Lo importante, sin embargo, no debería ser si han caído o no los niveles de violencia medidos ya sea por homicidios dolosos en general, por homicidios directamente vinculados al crimen organizado y/o a la guerra contra las drogas. Lo interesante sería un simple silogismo que de comprobarse resultaría irrefutable. Para quienes siempre hemos pensado desde el principio del sexenio de Calderón que la declaración de guerra fue la que elevó la violencia y no al revés, resulta evidente que si se suspende la guerra, disminuirá la violencia.
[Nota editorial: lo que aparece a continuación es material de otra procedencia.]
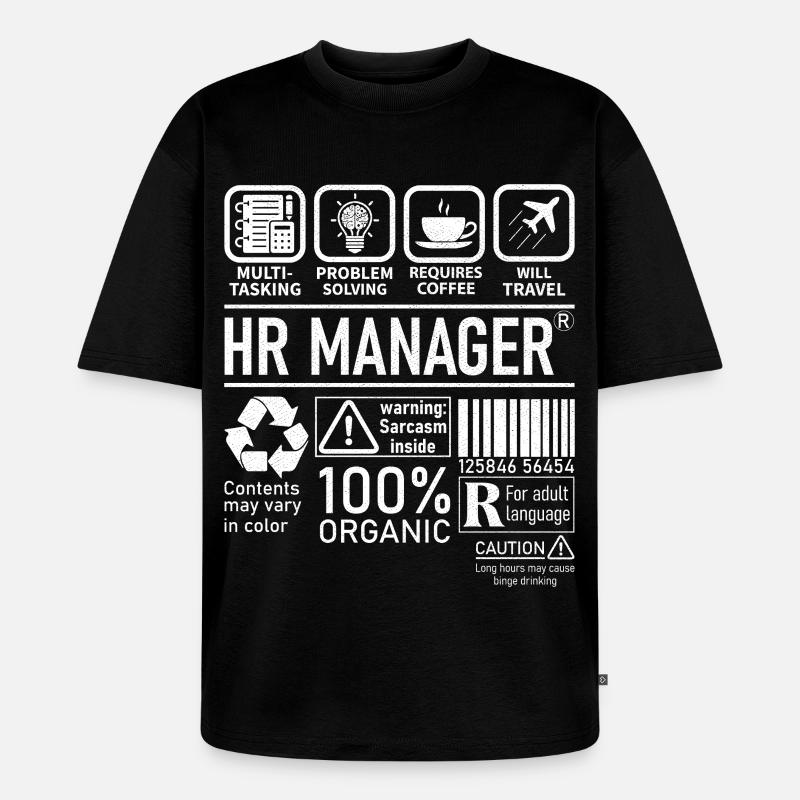 Hr Manager multi tasking problem solving - Unisex Premium Oversized Bio T-Shirt - Schwarz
A la inversa, si sigue la guerra, seguirá la violencia, a menos de que se piense, como algunos lo han insinuado, y quizás tengan razón, que la violencia empezó a caer porque se ganó la guerra.
Ahora bien, si nos colocamos en la primera hipótesis y partimos de la tesis de que si se acaba la guerra disminuirá la violencia, bastaría saber si la guerra está terminando para poder predecir con cierta certeza si va a disminuir la violencia, y en particular el número de muertes, que es el mejor indicador que se tiene al respecto y por supuesto el más dañino para la sociedad.
¿Qué sabemos? En primer lugar, de acuerdo con un artículo del diario Reforma el 21 de abril donde aparecen las cifras entregadas por la Sedena al público vía Transparencia, ha disminuido en 36% del número de sus efectivos desplegados en la lucha contra el crimen organizado. Pasaron de prácticamente 50 mil elementos en promedio mensual en 2010 y 2011, a 32 mil en el primer cuatrimestre de este año en lo que se refiere al Ejército, y con reducciones en lo referente a la Armada y la Policía Federal. Sabemos por conversaciones que yo mismo, colegas y coautores míos hemos sostenido por lo menos con cuatro gobernadores -tres de ellos priistas- que efectivamente, el Ejército está desmontando retenes en las carreteras, retirándose a los cuarteles cercanos a las ciudades pero ya no patrullando vías y pueblos y está concentrando su actividad, así como la de la Marina y de la Policía Federal, en golpear al grupo más violento de cada entidad, sea cual fuere éste.
Se trata un poco de la estrategia sugerida por Mark Kleiman en un artículo de Foreign Affairs publicado hace casi dos años. Sabemos también que en algunos estados con rutas sin peligro inminente, las autoridades están dejando pasar la ”merca’’ camino a Estados Unidos.
Se entiende que el gobierno de EPN no lo diga. A diferencia de Felipe Calderón donde cacarear todo era una parte intrínseca y necesaria del esquema, si EPN ha escogido esta otra estrategia, lo importante es quedarse callado, no para que se hable menos de la violencia, sino para no ventanear una estrategia en mi opinión correcta pero inconfesable.
¿Inconfesable ante quién? Ante mucha gente, pero sobre todo ante el visitante de lujo que recibirá la semana que entra en la residencia Miguel Alemán nuevamente acondicionada: Barack Obama. Porque esta estrategia es públicamente inaceptable para Obama, aunque comparta la idea que yace detrás de ella.